This is one of the reasons why Chef's knife ssh uses ssh, which most
people are already using anyway.
Another knife subcommand 'bootstrap', was originally implemented to
prepare a base OS install to get Chef installed, but it can also be
used to run an arbitrary script via knife ssh.
> It sure would be nice if people started routinely including RESTful web
> interfaces for monitoring and control into every piece of code.
Chef has a RESTful web interface to the server, which exposes a lot of
data about the infrastructure it's already storing and indexing for
search. While Opscode doesn't provide (m)any prebuilt libraries or
interfaces to interact with it automatically, the code is there and
the libraries are available to use within your code. Unfortunately
most of the documentation is through reading the source.
But if someone develops something using this and wants to share how
they did it, please add a user guide to the Chef wiki :).
Thats why I like to do my deploys as a resource in Chef :-).
The ad-hoc deployment happens simply by running Chef. It might happen
by updating a data bag item and letting Chef pick it up in ~30
minutes.
Unfortunately a lot of deploys require some or all of:
- cross machine awareness, especially when deploys are a series of events
- finely controlled deployes to named groups of machines in batches
- awareness of monitoring status before/post
- some human level validation/decision to backout
- tight control of timings
- staggered restarts to avoid over subscribing on cache refreshes against dbs
and lots more in this realm, really if you have these it points to a deploy that needs to be improved, but you often hit a 80/20 situation and the budget (time or money) just isnt there to do the last 20%.
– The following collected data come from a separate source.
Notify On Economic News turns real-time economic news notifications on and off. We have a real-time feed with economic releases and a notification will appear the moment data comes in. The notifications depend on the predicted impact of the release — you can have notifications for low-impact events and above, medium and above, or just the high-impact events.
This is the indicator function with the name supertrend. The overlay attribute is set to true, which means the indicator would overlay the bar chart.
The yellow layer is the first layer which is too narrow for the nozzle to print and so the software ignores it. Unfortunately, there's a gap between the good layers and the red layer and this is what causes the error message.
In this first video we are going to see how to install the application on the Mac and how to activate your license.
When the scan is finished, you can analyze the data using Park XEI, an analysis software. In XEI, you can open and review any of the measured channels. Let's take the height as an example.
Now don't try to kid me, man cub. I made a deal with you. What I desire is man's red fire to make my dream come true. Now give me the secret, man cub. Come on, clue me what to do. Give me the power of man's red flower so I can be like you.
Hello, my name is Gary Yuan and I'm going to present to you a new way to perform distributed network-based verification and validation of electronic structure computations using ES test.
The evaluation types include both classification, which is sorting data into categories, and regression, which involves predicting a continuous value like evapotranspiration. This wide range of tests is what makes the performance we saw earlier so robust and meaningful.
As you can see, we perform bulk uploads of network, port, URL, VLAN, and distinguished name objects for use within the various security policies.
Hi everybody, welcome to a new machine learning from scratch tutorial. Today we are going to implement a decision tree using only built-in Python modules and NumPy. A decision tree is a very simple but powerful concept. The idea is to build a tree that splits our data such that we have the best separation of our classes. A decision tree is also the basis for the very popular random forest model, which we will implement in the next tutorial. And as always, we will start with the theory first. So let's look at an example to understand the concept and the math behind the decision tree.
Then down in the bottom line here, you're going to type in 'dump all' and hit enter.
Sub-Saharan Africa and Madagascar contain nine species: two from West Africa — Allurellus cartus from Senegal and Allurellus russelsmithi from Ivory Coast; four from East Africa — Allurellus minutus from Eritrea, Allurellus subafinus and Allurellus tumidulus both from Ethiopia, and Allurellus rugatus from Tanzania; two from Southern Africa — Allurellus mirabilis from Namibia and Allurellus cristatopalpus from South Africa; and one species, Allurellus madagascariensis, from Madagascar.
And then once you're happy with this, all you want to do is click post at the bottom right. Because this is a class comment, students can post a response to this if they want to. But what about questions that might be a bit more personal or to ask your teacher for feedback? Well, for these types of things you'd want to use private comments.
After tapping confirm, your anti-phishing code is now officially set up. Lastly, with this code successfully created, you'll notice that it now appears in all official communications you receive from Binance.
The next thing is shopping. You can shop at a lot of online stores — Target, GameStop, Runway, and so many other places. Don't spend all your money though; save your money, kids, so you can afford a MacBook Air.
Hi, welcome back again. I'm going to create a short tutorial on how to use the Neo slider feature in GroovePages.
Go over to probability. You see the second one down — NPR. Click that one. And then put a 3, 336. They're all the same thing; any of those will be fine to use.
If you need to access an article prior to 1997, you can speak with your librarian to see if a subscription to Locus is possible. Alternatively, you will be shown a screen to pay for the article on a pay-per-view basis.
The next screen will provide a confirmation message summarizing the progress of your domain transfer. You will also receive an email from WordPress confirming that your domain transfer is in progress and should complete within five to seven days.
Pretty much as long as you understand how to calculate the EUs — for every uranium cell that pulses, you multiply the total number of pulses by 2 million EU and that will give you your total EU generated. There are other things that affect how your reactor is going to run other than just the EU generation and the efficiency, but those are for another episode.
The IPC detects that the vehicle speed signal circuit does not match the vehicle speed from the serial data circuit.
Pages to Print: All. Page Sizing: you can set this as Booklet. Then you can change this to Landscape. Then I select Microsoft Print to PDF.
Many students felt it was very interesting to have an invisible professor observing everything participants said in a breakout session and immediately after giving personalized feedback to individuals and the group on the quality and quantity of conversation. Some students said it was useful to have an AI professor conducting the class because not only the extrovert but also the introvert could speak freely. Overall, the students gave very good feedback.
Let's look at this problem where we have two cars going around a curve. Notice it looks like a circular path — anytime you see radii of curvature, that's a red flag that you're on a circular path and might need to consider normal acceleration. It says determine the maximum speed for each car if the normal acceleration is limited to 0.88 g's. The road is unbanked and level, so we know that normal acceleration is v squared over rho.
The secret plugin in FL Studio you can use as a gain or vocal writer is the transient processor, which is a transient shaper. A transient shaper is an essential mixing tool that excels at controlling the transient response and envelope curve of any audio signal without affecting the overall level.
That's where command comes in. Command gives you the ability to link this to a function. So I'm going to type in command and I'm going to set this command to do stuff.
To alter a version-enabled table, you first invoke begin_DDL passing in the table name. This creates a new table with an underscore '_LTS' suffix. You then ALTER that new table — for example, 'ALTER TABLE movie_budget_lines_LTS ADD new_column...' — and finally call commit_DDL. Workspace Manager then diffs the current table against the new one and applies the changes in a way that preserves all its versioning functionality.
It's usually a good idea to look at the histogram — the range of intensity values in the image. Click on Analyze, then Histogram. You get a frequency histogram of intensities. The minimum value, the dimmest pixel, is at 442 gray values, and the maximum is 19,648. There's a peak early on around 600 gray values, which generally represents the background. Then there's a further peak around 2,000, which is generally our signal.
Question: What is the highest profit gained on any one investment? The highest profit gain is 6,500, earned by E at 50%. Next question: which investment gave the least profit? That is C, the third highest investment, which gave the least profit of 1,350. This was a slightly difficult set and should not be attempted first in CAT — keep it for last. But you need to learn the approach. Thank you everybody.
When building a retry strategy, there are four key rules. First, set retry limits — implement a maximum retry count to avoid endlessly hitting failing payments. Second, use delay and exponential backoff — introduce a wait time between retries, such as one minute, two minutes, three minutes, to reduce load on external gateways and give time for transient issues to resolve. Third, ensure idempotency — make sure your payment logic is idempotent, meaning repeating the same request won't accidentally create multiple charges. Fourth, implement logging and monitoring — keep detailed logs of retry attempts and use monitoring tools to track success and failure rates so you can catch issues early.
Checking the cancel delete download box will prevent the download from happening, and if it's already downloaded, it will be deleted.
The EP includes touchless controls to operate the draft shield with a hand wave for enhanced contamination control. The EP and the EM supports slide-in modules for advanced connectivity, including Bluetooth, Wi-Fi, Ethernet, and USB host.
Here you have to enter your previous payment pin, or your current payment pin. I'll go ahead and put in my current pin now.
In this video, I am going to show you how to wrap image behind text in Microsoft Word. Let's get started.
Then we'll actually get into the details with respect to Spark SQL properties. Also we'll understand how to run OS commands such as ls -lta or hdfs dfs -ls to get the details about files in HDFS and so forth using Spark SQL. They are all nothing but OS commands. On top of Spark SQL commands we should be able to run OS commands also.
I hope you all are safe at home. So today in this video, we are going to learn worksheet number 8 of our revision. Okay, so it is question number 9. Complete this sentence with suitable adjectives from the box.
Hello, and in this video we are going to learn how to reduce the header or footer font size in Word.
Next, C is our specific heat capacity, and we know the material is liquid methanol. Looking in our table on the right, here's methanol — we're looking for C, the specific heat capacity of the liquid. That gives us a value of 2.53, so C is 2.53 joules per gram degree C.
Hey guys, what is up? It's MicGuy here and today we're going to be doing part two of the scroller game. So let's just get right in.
Automating these are tough within a CM tool - at least todays - and so C&C tools matter a lot, they provide building block API calls essentially allowing for a way to script such deploys by combining lots of little pieces. With enough little APIs existing in your C&C platform you can write deployment scripts that address the above issues.
I think this thread has gone off a bit on a tangent with the whole 'outdated' bit, really dont know what that's all about. All I am saying is if its not scripted - but meat cloud driven - you have a massive documentation bordon that is often not met.
--
R.I.Pienaar
Right now, there's a proliferation of tools, each with their own
interfaces and agents - the classic recipe for
an n-squared proliferation. SSH to a command line is used so commonly
precisely because it's the only tool
that doesn't require deploying a complicated set of tools and agents.
What we need is a better, more expansive monitoring & control protocol
than SNMP.
By analogy: What's important is SMTP, without it, discussing the merits
of sendmail, postfix, exim, et. al., would be meaningless. With SMTP,
there are lots of functionally equivalent solutions to chose among.
Having said this, the devil, of course, is in the details. Developing a
new protocol is not easy, and usually involves multiple, funded efforts
that eventually shoot it out until a winner emerges. Right now, I'm not
sure where such work would be done, or who would fund it - but it sure
seems to be needed.
Miles Fidelman
> I think mcollective/nanite model are pretty much the best way to go.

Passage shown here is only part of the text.